Informed consent statement: Informed written consent was obtained from the patient and legal guardian for publication of this report and any accompanying images.
Conflict-of-interest statement: The authors declare that they have no conflict of interest.
CARE Checklist (2016) statement: The authors have read the CARE Checklist (2016), and the manuscript was prepared and revised according to the CARE Checklist (2016).
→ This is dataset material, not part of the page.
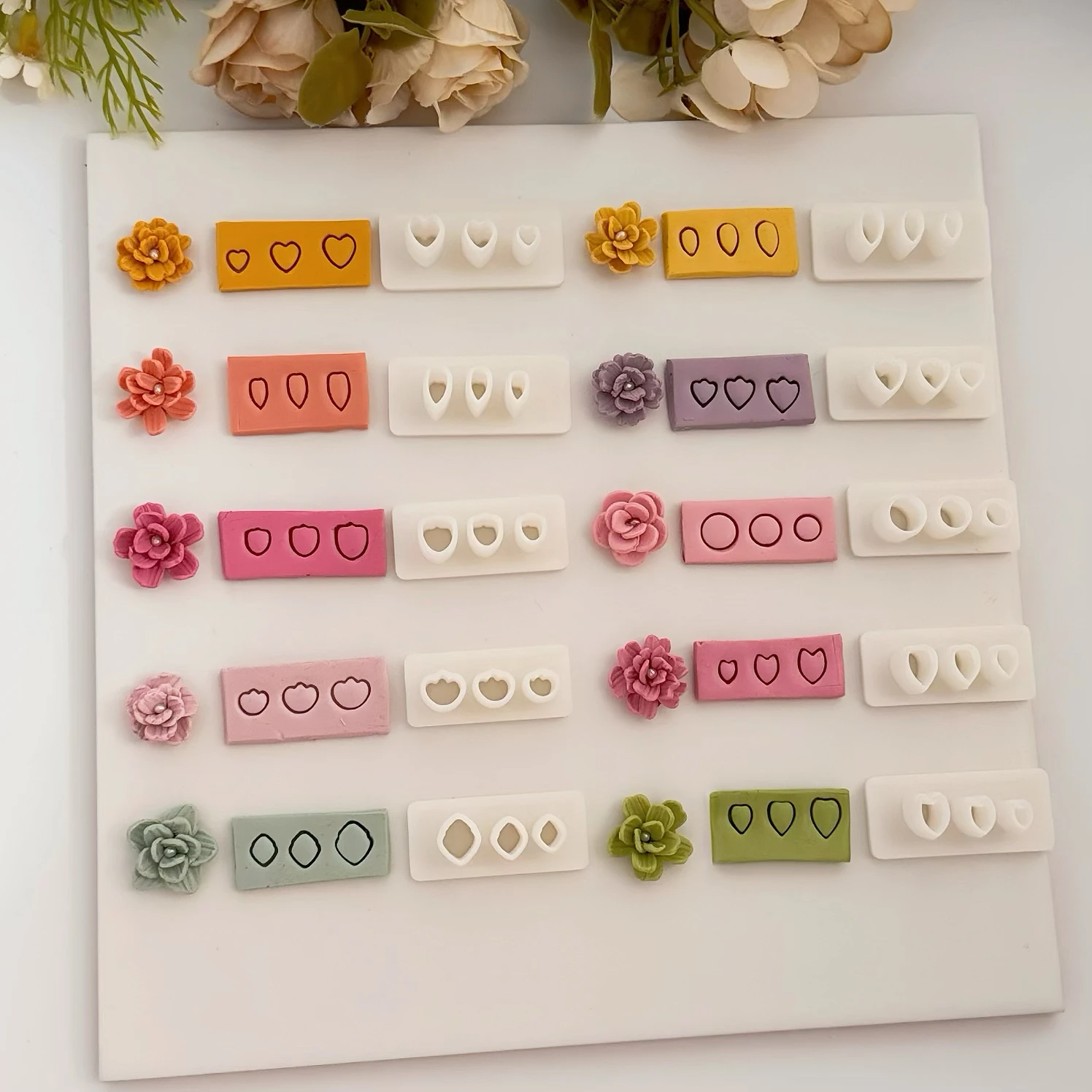 Мини-лепесток цветка резак для полимерной глины инструмент серьги сделай сам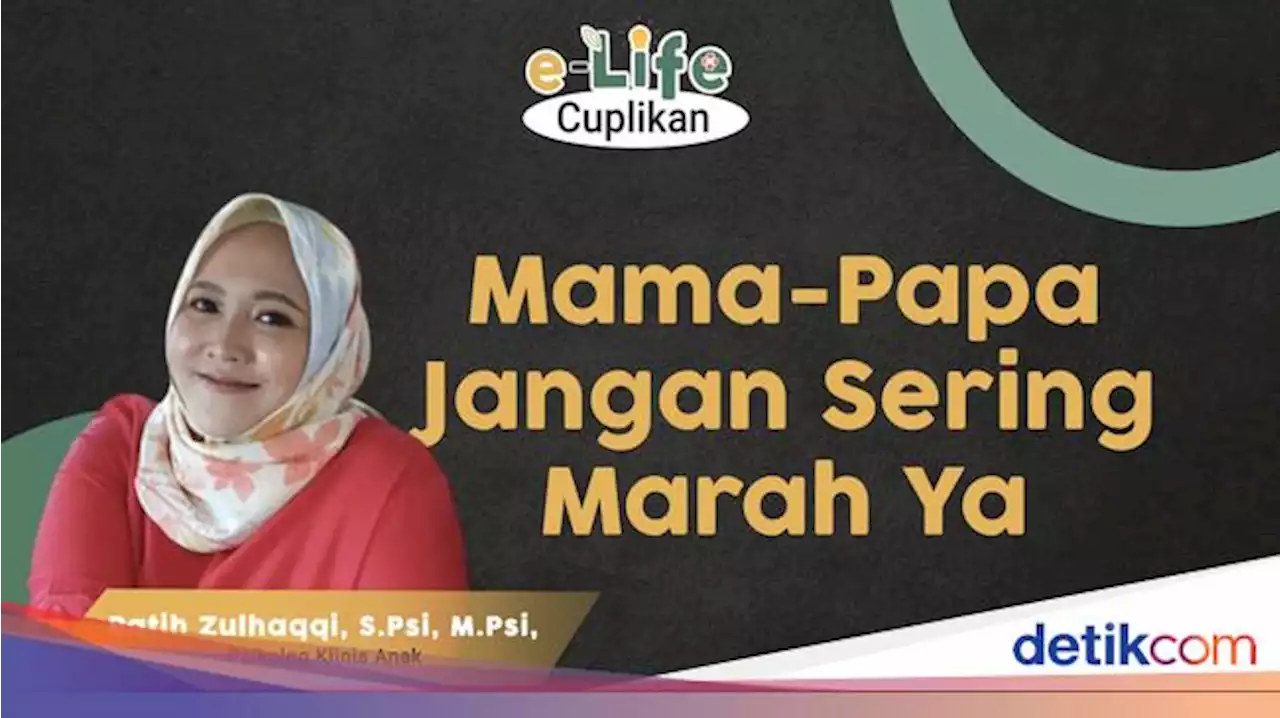 Pakar Sebut Boleh Saja Marah pada Anak, Asal...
Open-Access: This article is an open-access article that was selected by an in-house editor and fully peer-reviewed by external reviewers. It is distributed in accordance with the Creative Commons Attribution NonCommercial (CC BY-NC 4.0) license, which permits others to distribute, remix, adapt, build upon this work non-commercially, and license their derivative works on different terms, provided the original work is properly cited and the use is non-commercial. See: http://creativecommons.org/Licenses/by-nc/4.0/
Corresponding author: Jin-Hong Wang, BMed, MS, Research Scientist, College of Life Science, Shaanxi Normal University, No. 620 West Chang'an Avenue, Chang'an District, Xi'an 710119, Shaanxi Province, China. jinhong@snnu.edu.cn
Received: December 22, 2020 Peer-review started: December 22, 2020 First decision: March 11, 2021 Revised: March 22, 2021 Accepted: April 23, 2021 Article in press: April 23, 2021 Published online: June 26, 2021 Processing time: 171 Days and 0.8 Hours
Abstract
BACKGROUND
Kaposi’s sarcoma (KS) is a malignancy that usually affects the skin of the lower extremities, and may involve internal organs. It originates from the vascular endothelium. It is well known that the development of KS is associated with human herpes virus 8 (i.e. HHV8) infections. Sporadic KS cases have mainly been found in Africa. Isolated splenic KS in Asia has rarely been reported. We present here a case of KS primarily involving the spleen in a human immunodeficiency virus (HIV)-negative Chinese patient.
CASE SUMMARY
A 50-year-old male patient was admitted to hospital due to abdominal distension and discomfort, reduced food intake and weight loss. Medical examination revealed that the patient had moderate anemia, a low platelet count, slight fatty liver and a huge mass in the spleen. Spleen lymphoma was considered. An anti-HIV test was negative. The whole spleen was surgically excised. The final pathological diagnosis was nodular stage spleen KS, and the patient underwent total splenectomy. He recovered well and was discharged from hospital 12 d after surgery. Two weeks later, the patient developed liver metastasis and died within 1 mo after surgery.
CONCLUSION
KS is difficult to diagnose and pathological examination is necessary. KS has a poor prognosis and should be diagnosed and treated early to improve survival.
Core Tip: This case describes a rare Splenic Kaposi’s sarcoma (KS) in a human immunodeficiency virus-negative patient. The preoperative diagnosis was lymphoma, but the postoperative pathological diagnosis was KS. The operation and lack of proper postoperative treatments for KS may promote liver metastasis and death, as in this case. Improving the overall understanding of KS is paramount. Therefore, we report this case to provide KS experiences and lessons for future clinical works.